▶ _Prompt_
Filter these entries, keeping only lines that hold the word "page".

(Caption-style text data)
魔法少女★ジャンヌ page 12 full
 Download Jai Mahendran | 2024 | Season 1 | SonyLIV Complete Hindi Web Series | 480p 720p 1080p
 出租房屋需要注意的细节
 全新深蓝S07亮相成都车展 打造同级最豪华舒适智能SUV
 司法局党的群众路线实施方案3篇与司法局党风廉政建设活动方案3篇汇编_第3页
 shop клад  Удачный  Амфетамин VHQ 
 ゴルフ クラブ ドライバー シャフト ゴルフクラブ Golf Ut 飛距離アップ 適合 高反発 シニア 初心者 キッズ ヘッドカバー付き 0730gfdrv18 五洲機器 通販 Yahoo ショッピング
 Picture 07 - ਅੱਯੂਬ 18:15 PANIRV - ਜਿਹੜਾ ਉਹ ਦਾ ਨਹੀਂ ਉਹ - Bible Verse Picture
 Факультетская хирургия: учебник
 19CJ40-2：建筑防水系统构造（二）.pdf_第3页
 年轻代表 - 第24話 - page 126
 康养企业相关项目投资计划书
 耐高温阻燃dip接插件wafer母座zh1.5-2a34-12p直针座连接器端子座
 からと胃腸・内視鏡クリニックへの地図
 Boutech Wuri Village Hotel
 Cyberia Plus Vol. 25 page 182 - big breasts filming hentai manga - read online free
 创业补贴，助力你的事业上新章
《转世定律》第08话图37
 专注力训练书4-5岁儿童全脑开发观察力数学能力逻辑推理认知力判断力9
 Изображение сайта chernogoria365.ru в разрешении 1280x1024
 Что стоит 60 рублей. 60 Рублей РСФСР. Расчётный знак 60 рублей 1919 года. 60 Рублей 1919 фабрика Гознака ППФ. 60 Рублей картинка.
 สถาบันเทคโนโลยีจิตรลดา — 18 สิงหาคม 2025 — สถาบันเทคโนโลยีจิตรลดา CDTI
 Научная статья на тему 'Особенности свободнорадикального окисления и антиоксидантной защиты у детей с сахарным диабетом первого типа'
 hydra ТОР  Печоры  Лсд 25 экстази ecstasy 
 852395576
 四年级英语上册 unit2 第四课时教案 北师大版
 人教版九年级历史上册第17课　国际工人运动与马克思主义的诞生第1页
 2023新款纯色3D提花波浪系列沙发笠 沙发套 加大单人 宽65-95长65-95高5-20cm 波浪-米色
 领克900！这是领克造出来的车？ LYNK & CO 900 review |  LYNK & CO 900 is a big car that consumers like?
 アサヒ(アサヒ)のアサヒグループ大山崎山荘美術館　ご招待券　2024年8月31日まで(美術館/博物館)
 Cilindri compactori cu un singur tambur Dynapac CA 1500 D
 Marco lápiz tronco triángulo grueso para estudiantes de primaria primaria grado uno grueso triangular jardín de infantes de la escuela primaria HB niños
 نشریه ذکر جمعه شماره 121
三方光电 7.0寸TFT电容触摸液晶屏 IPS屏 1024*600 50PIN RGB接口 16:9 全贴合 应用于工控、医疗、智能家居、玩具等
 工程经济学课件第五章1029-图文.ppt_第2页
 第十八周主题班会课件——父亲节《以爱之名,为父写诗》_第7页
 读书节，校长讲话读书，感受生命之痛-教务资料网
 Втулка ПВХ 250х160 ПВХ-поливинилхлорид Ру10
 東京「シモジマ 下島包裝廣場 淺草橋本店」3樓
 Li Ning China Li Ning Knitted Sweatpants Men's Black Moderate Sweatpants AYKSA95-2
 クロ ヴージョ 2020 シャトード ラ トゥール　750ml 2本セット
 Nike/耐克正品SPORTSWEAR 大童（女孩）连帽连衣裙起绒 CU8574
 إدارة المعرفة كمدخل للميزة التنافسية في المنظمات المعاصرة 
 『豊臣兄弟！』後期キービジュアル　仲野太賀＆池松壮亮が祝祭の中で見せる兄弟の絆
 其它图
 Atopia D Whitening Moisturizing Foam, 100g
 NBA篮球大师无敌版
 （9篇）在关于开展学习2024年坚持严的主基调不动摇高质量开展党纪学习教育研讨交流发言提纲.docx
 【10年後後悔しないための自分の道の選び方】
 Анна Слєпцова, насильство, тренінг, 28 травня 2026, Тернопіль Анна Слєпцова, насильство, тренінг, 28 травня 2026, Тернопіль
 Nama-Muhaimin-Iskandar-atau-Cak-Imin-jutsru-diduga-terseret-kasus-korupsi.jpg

▶ _Response to the task_
魔法少女★ジャンヌ page 12 full
 年轻代表 - 第24話 - page 126
 Cyberia Plus Vol. 25 page 182 - big breasts filming hentai manga - read online free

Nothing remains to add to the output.